What to do: Begin your transcription at the line containing "905 Falls Bridge" and continue it, word for word, to the final line below. Include only those lines and skip the pictures.

Given data:

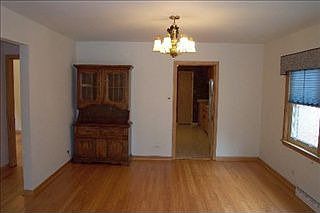 3rd image of 11548 S Artesian Ave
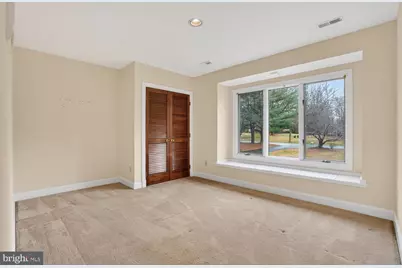 905 Falls Bridge Lane, Great Falls, VA 22066 - Photo 29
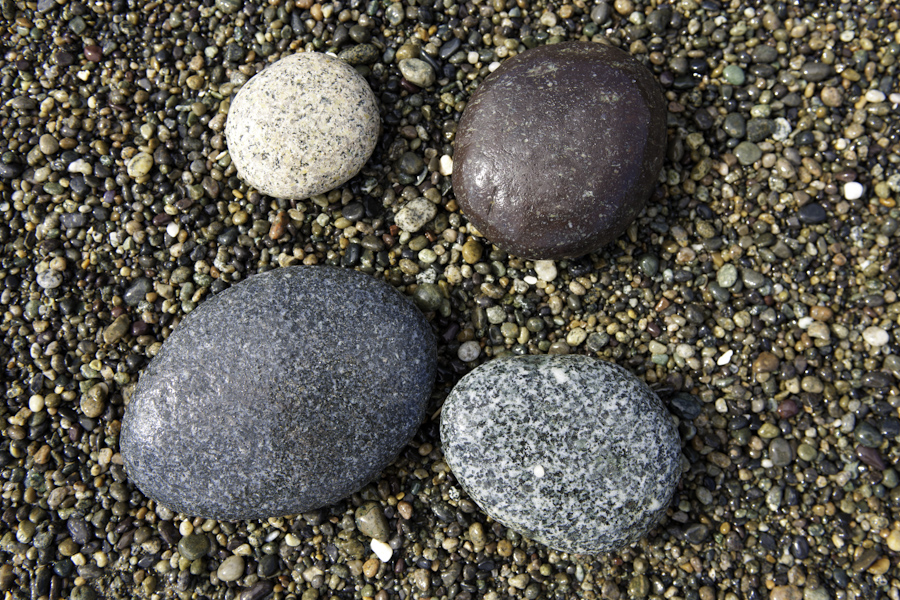 Keeah Beach Stones 3449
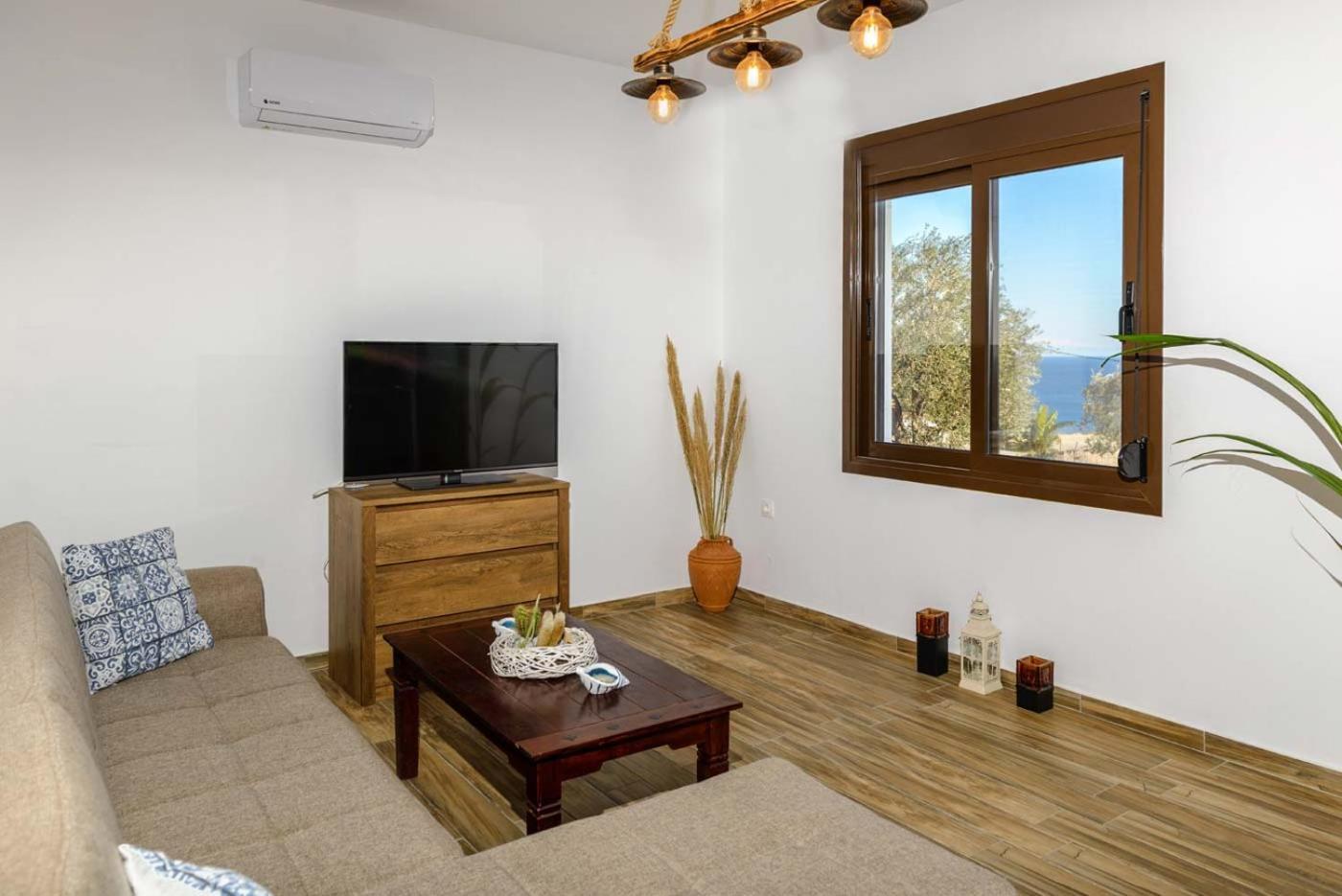 Blue Bay Villas , Ground Floor Archangelos  Eksteriør bilde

Reply:
 905 Falls Bridge Lane, Great Falls, VA 22066 - Photo 29
 Keeah Beach Stones 3449
 Blue Bay Villas , Ground Floor Archangelos  Eksteriør bilde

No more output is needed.